## PROBLEM
In the material below, find all lines with the string "Hyundai" and copy them.

%%

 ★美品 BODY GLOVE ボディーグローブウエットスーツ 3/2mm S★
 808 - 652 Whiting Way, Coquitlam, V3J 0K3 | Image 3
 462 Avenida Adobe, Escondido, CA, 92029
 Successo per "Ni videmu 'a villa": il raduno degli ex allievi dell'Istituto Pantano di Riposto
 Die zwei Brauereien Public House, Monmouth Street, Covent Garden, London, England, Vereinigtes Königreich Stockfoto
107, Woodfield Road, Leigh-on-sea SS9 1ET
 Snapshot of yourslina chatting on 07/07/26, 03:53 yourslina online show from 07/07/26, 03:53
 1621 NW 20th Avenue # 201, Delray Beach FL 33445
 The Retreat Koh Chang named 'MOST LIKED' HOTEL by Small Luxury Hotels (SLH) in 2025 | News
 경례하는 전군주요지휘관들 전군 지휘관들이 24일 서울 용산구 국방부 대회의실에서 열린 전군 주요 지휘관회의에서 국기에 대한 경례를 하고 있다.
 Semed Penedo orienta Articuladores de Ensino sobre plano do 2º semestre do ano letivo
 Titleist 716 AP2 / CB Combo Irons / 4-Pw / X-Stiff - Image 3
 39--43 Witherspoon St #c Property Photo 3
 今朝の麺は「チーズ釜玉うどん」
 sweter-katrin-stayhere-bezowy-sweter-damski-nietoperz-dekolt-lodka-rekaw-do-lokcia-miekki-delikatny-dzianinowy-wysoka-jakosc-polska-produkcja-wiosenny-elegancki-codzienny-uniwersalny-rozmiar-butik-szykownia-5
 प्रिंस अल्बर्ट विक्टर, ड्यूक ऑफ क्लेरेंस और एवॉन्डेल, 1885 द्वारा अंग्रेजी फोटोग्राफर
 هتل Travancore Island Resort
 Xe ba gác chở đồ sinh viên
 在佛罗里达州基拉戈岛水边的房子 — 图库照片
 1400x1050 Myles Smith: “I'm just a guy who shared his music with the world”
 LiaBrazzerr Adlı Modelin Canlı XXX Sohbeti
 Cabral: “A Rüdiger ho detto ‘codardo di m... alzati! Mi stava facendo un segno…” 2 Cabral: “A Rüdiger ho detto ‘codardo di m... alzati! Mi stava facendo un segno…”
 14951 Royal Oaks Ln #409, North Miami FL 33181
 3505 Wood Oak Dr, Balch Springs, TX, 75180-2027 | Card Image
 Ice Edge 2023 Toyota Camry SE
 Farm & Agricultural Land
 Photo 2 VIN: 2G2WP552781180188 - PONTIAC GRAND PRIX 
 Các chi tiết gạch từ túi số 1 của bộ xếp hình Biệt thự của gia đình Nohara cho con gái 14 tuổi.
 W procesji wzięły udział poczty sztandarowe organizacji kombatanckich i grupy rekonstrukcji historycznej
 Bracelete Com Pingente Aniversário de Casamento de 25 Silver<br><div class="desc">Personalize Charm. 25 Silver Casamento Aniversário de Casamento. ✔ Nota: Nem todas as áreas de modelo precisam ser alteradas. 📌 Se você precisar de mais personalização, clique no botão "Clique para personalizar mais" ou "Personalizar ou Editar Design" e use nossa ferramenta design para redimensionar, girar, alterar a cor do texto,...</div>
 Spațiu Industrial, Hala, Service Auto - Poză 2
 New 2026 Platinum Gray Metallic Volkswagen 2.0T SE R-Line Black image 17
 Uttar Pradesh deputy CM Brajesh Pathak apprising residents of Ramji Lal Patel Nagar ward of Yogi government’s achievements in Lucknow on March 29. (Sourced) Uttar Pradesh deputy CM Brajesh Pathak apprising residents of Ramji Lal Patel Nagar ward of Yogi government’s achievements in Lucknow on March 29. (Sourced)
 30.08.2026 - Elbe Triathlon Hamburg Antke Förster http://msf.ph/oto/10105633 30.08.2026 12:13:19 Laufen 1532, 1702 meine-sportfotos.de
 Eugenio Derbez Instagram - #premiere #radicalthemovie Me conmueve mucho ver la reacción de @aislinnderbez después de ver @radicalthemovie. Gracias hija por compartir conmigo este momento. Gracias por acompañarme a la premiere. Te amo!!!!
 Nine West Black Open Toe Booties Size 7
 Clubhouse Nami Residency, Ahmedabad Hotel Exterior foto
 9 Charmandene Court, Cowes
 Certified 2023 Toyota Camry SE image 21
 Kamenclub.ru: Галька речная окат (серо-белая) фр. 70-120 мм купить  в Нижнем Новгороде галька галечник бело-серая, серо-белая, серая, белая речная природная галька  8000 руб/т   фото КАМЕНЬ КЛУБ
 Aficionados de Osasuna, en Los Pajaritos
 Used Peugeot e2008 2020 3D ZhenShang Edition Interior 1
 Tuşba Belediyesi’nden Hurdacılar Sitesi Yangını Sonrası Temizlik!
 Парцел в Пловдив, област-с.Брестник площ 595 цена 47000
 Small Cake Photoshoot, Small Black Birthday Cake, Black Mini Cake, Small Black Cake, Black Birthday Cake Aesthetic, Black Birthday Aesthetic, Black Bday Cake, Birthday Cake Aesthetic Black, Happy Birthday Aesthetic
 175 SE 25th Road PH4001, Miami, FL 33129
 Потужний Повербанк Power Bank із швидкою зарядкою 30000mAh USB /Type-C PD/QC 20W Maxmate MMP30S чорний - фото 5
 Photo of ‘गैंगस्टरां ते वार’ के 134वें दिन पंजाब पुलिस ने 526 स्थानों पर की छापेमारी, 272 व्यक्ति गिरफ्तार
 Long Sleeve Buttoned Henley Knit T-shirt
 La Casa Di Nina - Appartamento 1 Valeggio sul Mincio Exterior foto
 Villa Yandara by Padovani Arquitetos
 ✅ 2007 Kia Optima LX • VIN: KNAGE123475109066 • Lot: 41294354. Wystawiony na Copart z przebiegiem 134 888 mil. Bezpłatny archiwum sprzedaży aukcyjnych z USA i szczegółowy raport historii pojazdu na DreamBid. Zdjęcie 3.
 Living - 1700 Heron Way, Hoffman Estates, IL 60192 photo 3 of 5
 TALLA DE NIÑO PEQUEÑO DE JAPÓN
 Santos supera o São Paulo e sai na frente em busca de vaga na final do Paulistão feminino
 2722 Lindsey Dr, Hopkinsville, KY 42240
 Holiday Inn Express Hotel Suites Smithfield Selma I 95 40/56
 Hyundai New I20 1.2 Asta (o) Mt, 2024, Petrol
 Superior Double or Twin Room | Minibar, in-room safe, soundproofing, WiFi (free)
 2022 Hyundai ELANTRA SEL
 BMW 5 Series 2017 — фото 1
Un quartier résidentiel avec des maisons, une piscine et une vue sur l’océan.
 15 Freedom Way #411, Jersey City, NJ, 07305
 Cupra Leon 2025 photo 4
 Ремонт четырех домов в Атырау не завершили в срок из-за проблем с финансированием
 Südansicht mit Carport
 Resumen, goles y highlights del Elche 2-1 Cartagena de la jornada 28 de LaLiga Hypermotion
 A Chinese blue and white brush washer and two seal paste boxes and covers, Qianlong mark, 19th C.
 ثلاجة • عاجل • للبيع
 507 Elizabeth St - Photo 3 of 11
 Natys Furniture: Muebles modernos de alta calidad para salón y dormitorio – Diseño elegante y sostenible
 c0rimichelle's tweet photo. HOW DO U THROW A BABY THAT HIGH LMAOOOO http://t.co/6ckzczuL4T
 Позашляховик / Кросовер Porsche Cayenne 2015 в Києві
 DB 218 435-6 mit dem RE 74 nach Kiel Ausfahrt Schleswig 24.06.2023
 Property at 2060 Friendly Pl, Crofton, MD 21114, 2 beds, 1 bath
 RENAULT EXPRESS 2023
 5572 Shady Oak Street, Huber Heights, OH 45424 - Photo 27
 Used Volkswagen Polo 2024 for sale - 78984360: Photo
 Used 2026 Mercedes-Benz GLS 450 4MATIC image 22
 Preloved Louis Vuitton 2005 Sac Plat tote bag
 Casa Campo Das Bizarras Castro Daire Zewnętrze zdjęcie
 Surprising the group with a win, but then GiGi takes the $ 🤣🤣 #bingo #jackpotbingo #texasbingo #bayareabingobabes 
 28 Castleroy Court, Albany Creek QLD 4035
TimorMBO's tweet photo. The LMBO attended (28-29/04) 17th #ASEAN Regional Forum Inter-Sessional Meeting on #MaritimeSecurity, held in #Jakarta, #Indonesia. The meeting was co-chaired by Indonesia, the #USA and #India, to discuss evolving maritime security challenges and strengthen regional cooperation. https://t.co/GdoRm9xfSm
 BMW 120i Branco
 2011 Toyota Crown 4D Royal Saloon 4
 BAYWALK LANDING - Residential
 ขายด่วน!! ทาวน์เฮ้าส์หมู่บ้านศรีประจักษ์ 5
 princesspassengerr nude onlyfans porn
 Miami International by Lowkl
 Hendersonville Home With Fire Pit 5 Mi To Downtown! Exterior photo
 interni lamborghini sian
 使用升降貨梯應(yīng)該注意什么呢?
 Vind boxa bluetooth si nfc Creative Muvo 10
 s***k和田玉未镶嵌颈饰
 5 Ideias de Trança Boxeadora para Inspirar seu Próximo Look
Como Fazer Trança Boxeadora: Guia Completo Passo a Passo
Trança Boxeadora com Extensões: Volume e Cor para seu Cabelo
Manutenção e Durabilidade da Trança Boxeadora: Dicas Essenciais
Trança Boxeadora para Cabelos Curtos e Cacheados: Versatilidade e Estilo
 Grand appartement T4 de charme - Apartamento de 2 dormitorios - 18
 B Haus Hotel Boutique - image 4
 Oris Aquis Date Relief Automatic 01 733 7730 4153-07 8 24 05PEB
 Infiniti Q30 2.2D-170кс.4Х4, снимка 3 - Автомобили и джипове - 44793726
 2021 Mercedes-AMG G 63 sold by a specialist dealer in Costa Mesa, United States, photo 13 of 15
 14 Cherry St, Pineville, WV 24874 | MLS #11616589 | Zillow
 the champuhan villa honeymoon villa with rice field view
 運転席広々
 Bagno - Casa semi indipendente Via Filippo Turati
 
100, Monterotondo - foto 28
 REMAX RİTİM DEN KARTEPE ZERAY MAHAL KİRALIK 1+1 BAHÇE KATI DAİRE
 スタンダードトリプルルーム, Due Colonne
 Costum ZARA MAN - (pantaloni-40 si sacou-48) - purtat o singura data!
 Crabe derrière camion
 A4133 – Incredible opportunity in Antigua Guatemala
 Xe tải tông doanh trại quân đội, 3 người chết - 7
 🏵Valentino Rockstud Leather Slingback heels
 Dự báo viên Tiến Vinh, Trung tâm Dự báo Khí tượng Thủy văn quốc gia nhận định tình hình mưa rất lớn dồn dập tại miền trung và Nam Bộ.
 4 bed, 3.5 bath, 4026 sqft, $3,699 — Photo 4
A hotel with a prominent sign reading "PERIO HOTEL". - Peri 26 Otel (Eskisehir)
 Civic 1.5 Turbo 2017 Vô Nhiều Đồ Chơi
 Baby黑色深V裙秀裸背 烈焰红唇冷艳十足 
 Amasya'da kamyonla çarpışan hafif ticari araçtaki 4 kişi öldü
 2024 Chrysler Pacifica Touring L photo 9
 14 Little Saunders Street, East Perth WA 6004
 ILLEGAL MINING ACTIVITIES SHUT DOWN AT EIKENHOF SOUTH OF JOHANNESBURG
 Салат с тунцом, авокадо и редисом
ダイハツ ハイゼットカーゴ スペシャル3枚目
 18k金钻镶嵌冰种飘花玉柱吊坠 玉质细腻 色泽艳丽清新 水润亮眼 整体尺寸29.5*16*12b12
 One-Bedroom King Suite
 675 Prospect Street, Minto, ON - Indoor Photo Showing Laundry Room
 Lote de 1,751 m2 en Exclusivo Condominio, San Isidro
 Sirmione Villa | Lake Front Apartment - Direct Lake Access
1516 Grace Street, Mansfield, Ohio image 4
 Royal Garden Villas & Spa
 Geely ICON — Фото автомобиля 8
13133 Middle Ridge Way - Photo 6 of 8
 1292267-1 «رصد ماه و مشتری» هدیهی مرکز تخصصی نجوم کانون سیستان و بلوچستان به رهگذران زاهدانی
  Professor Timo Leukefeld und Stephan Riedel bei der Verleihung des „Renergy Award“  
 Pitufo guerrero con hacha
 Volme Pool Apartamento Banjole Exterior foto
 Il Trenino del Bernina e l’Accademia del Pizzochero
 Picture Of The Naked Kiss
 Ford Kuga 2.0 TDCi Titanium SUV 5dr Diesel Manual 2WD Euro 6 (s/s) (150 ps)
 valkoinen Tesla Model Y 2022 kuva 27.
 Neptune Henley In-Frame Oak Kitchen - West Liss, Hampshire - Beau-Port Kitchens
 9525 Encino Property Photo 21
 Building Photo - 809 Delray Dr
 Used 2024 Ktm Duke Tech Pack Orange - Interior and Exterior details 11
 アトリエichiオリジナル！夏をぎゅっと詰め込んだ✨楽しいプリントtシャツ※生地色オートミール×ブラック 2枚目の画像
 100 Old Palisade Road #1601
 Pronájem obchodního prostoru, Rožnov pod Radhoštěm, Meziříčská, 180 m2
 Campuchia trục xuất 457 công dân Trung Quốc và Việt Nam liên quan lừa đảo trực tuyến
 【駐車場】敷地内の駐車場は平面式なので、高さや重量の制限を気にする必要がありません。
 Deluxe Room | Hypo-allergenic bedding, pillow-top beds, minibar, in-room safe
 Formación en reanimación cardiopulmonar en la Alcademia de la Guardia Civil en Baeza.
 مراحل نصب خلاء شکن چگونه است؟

%%

## EXERCISE SOLUTION
 Hyundai New I20 1.2 Asta (o) Mt, 2024, Petrol
 2022 Hyundai ELANTRA SEL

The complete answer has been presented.